Add, on top of all this, the fact that it will take between 2ms and 16ms for the pixels on the LCD to actually switch (response time varies between panels and depending on what levels the transition is between) and we are done: the image is now on the screen.

So what do we have total after the image is flipped to the front buffer?

One frame of lag for transmission (to display a full frame), up to 1 frame of lag if we enable triple buffering (or 1 frame render ahead and we run at less than refresh rate), up to two frames of lag if we just turn on vsync, at framerates higher than the refresh rate we we'll add an additional frame of lag for every frame we render ahead with vsync on, and zero to 2 frames of lag for the monitor to display the image (if it does extensive image processing).

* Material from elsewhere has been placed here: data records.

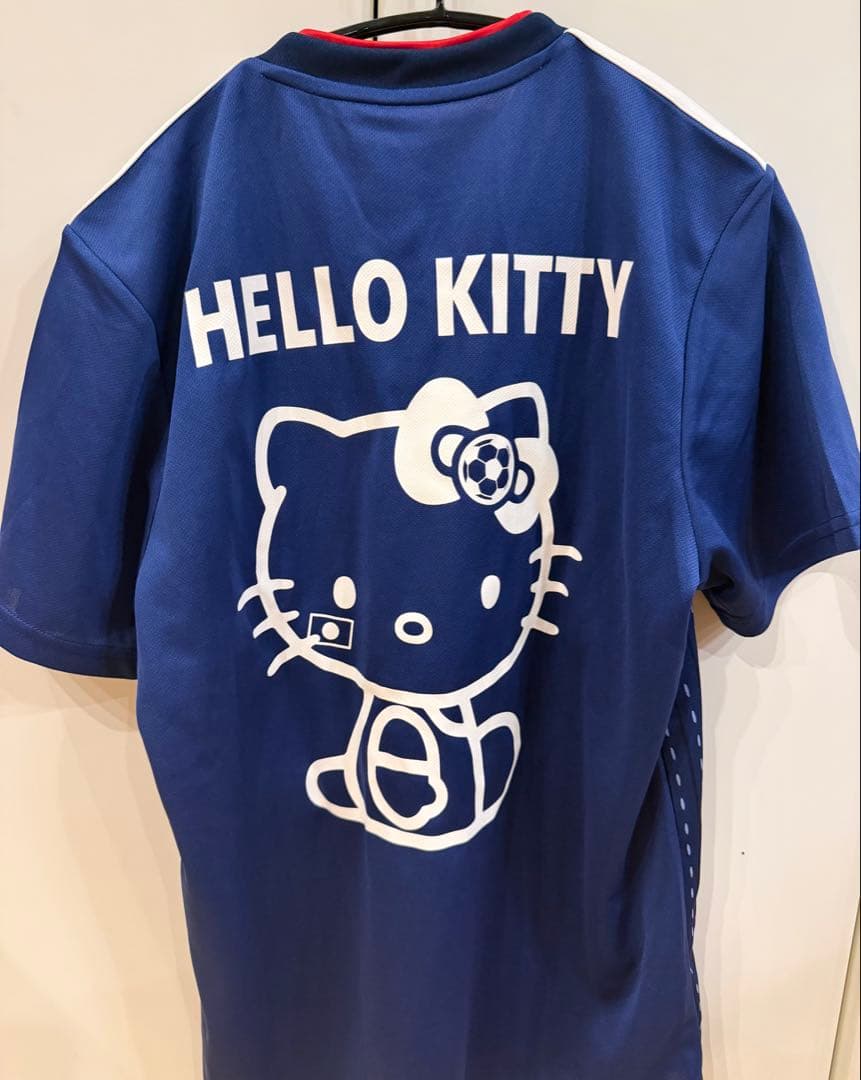 サンリオ　ハローキティ　サッカーシャツ adidas 日本代表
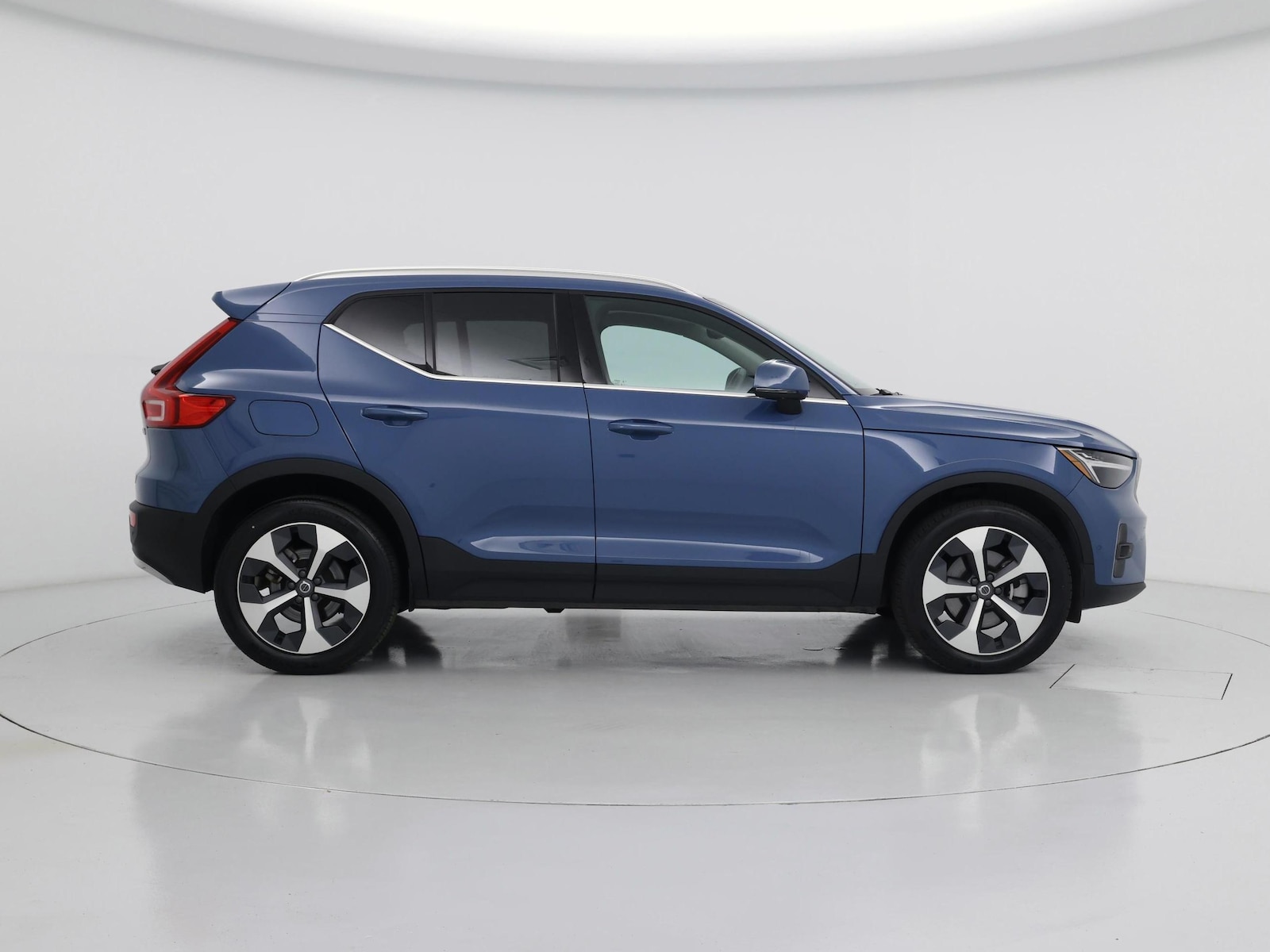 2025 Volvo XC40 Plus - Photo 8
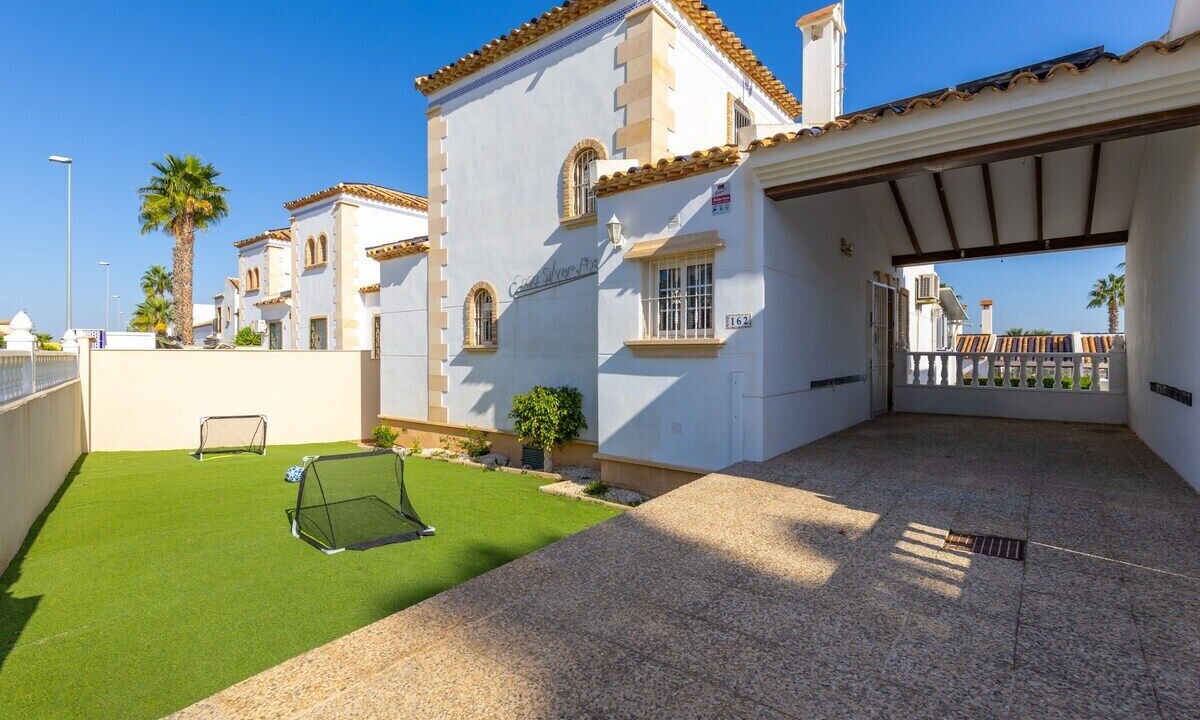 Photo of Patio Balcony in Villamartin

So after crazy speed from the mouse to the front buffer, here we are waiting ridiculous amounts of time to get the image to appear on the screen. We add at the very very least 16.67ms of lag in this stage. At worst we're taking on between 66.67ms and 83.3ms which is totally unacceptable. And that's after the computer is completely done working on the image.

This brings our totals up to about 33ms to 80ms input lag for typical cases. Our worst case for what we've outlined, however, is about 135ms of latency between mouse movement and final display which could be discernible and might start to feel mushy. Sometimes game developers stray a bit and incur a little more input lag than is reasonable. Oblivion and Fallout 3 come to mind.

But don't worry, we'll take a look at some specific cases next.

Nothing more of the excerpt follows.